Understanding the logarithmic power rule is key to simplifying expressions where a logarithm is raised to a power. The rule states that if you have an expression like \( \log_b (a^c) \), it is equivalent to \( c \times \log_b a \). This means that you can "move" the exponent in front of the logarithm, essentially multiplying it. This rule is extremely useful when dealing with complex logarithmic expressions.
In the case of \( \log_{6} 6^2 \), the exponent here is 2. By applying the logarithmic power rule, we can rewrite the expression as \( 2 \times \log_{6} 6 \). This simplification allows us to perform further calculations more easily.

The base of a logarithm is a critical component. It determines which number you need to raise to a certain power to get the argument of the logarithm. In a logarithmic expression like \( \log_b a \), \( b \) is the base. A deeper understanding of the base can help demystify the functioning of logarithms.
In the expression \( \log_{6} 6^2 \), the base is 6. This implies that the logarithm is finding out what power 6 has to be raised to in order to equal \( 6^2 \).
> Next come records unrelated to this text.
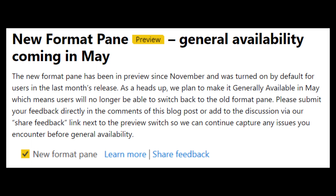The first one we'll cover today is the new format pane. It's been in preview for a couple of months, but starting from May onwards it will be generally available. That means you can't choose to see the old version anymore from the preview settings, which I think is a shame because I'm not really a fan of this new format pane. However, I think it's a good opportunity now to get started and get used to this new format.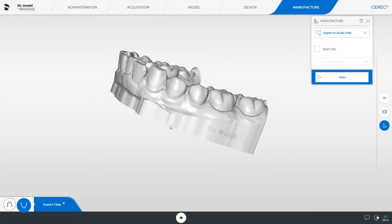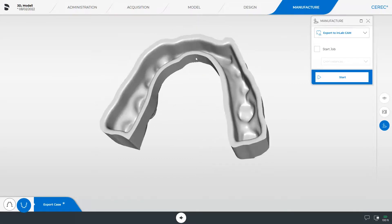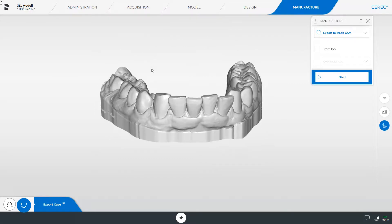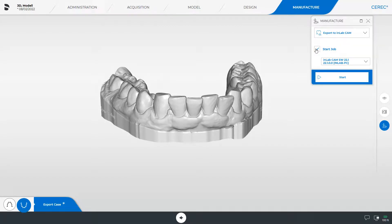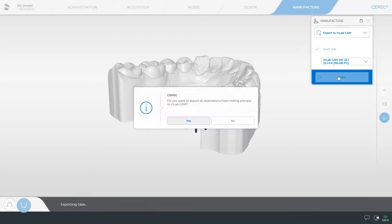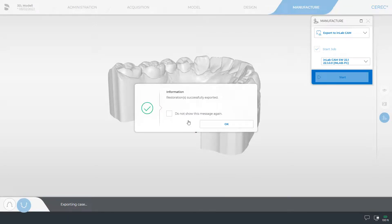Here we look at the solid model from all directions and place a check mark next to start job. Provided your PC with the installed InLab CAM software is connected to the same network as your acquisition center and it is turned on, the model data are automatically opened in the InLab CAM software when tapping start. By tapping yes, both models are exported, and a message confirming the successful export is displayed.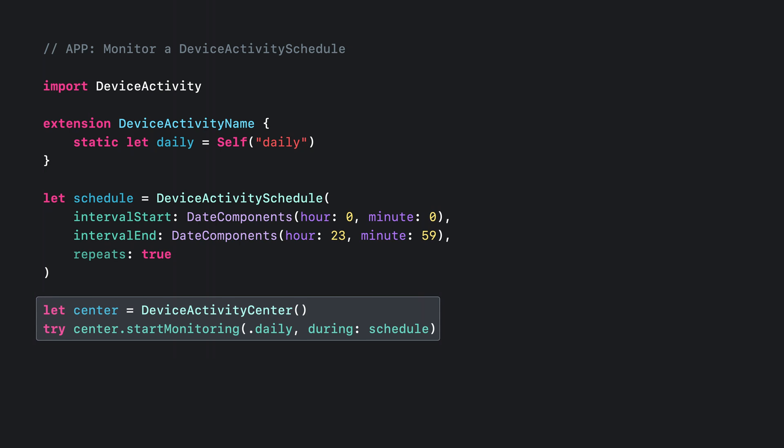Finally, I can create a device activity center and call start monitoring with the activity name and schedule I've just defined. With these few lines of code, my device activity monitor extension will be called with the activity name whenever the schedule starts and ends.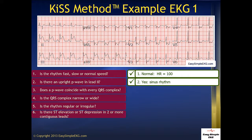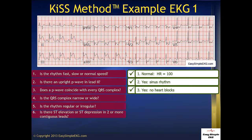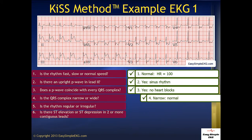Does a P wave coincide with every QRS complex? And it does — this is also normal. This means our patient is not in a heart block. Is the QRS complex narrow or wide? It is narrow, which is normal. This means the energy is moving through the heart in the normal electrical conduction pathway.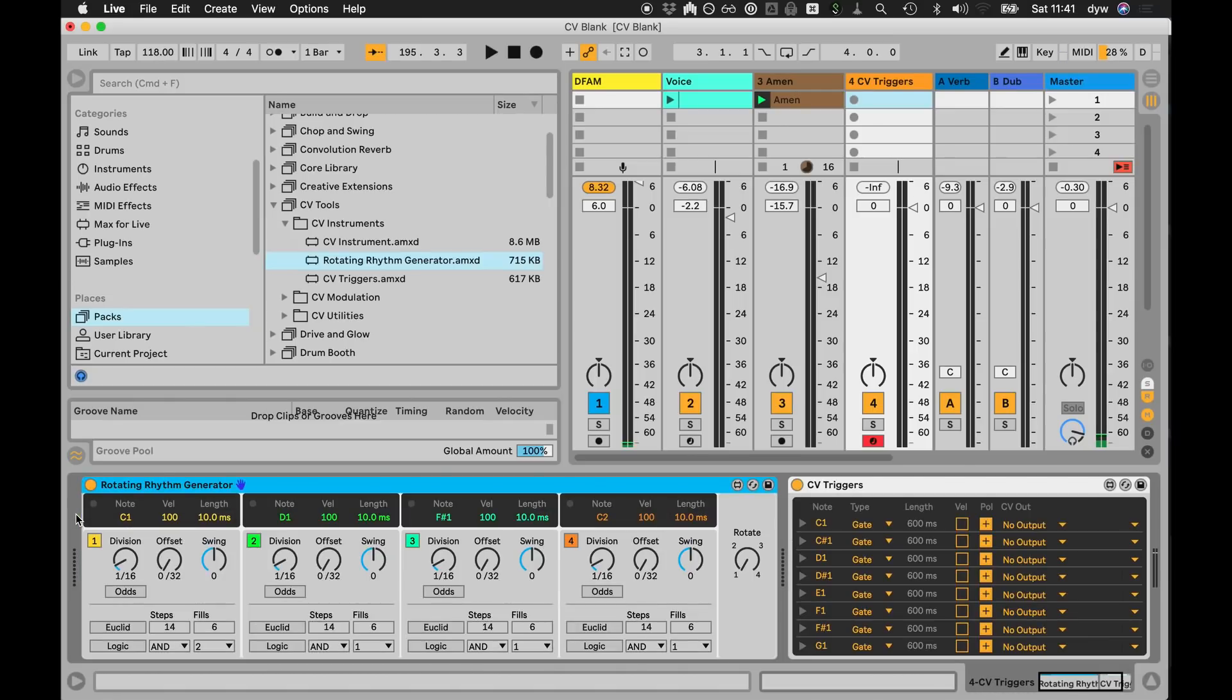There's also this quite cool device called the Rotating Rhythm Generator, which actually works with any MIDI instrument in Live, but it's like a modular-style Euclidean and logic-based rhythm generator. And then you can sort of rotate the patterns, so you can have a kick, snare, hi-hat pattern and you rotate it, and the kick moves to the snare and the snare moves to the hi-hat. It's really jamming fun kind of thing.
This base-specificity explains why using basic logarithm properties can greatly simplify computations. Generally, when the base matches the number being operated on, simplifications become much easier.

Basic properties of logarithms are fundamental tools that can simplify solving problems swiftly. One of the most essential properties is that \( \log_b b = 1 \), where \( b \) is the base. This property is because a number raised to the power of 1 is itself.
Applying this to our example: for \( \log_{6} 6 \), since the base \( 6 \) and the argument \( 6 \) are identical, the result is 1. This means \( \log_{6} 6 = 1 \).
Armed with this knowledge, the computation becomes easy. Considering \( 2 \times \log_{6} 6 \), we substitute \( \log_{6} 6 = 1 \), leading us directly to \( 2 \times 1 = 2 \). This illustrates how understanding and utilizing basic logarithm properties can simplify even the complex-looking expressions dramatically.